*PROBLEM STATEMENT:*
Nothing but the lines from the top of the records through the line with "Set of 5 Primrue" should be returned, exactly, and without pictures.

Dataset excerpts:
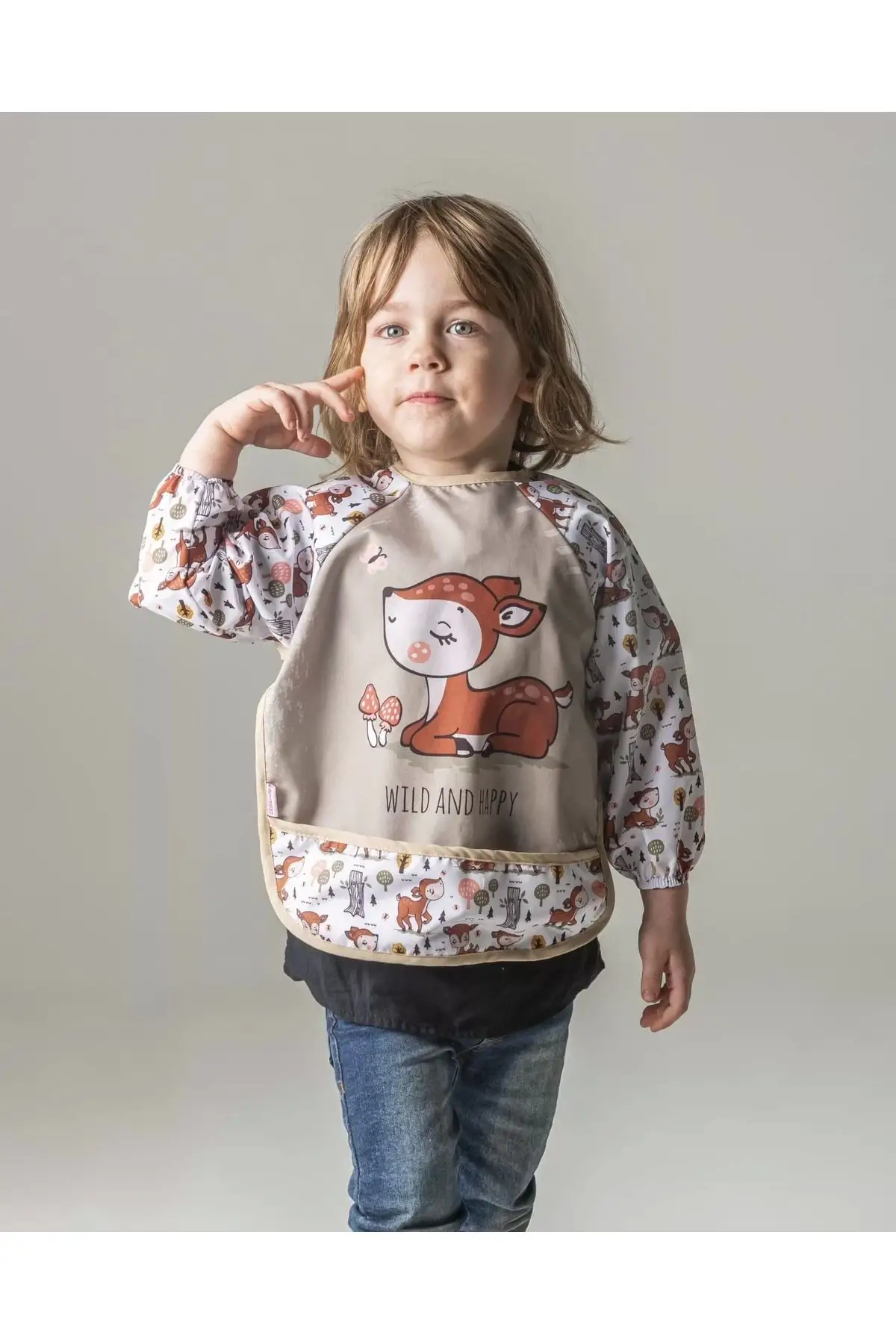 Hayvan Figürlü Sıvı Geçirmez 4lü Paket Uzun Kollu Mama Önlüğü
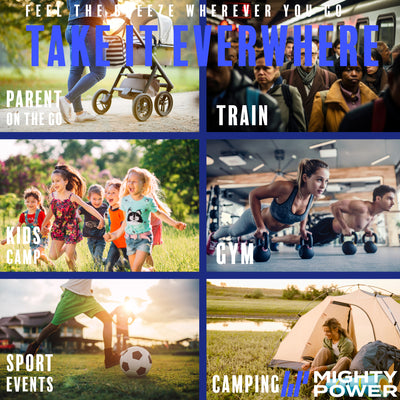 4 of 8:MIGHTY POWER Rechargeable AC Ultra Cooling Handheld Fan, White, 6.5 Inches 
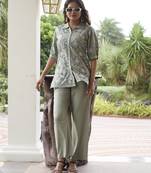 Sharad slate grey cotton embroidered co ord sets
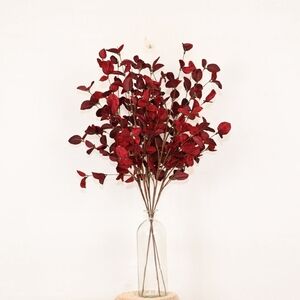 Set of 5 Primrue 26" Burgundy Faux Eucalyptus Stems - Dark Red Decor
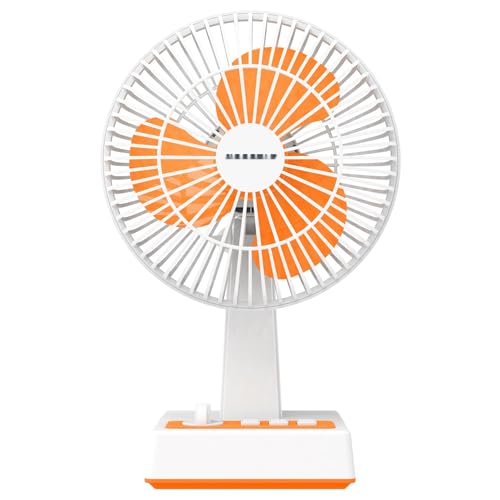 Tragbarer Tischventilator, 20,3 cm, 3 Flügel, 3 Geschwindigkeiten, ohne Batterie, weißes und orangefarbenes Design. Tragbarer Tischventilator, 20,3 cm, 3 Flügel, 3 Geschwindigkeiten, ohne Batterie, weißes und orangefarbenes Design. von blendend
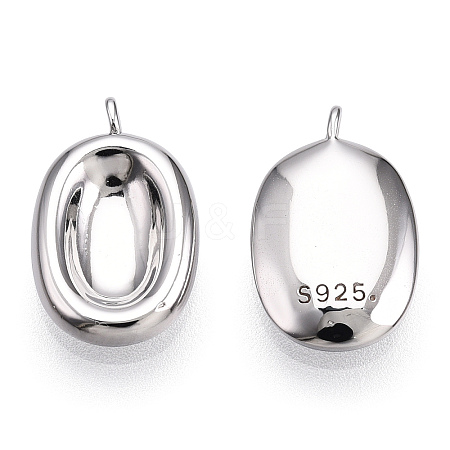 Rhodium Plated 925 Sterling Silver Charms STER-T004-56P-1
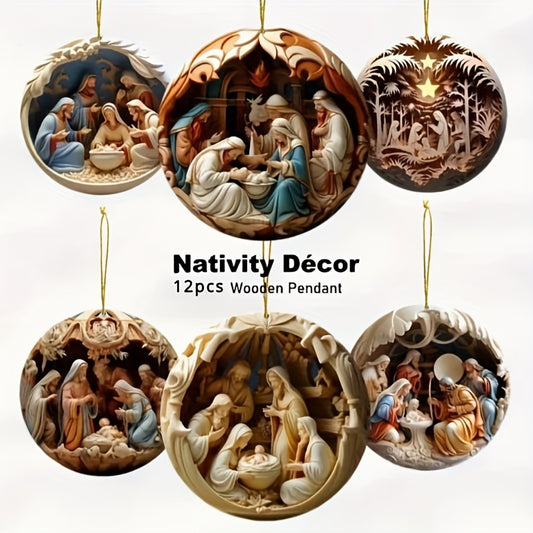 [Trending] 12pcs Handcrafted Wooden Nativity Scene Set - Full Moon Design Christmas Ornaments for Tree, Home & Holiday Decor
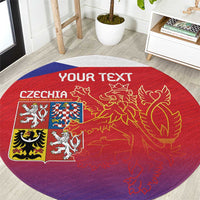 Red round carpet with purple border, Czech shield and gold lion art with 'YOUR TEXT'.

*SOLUTION TO THIS PROBLEM:*
 Hayvan Figürlü Sıvı Geçirmez 4lü Paket Uzun Kollu Mama Önlüğü
 4 of 8:MIGHTY POWER Rechargeable AC Ultra Cooling Handheld Fan, White, 6.5 Inches 
 Sharad slate grey cotton embroidered co ord sets
 Set of 5 Primrue 26" Burgundy Faux Eucalyptus Stems - Dark Red Decor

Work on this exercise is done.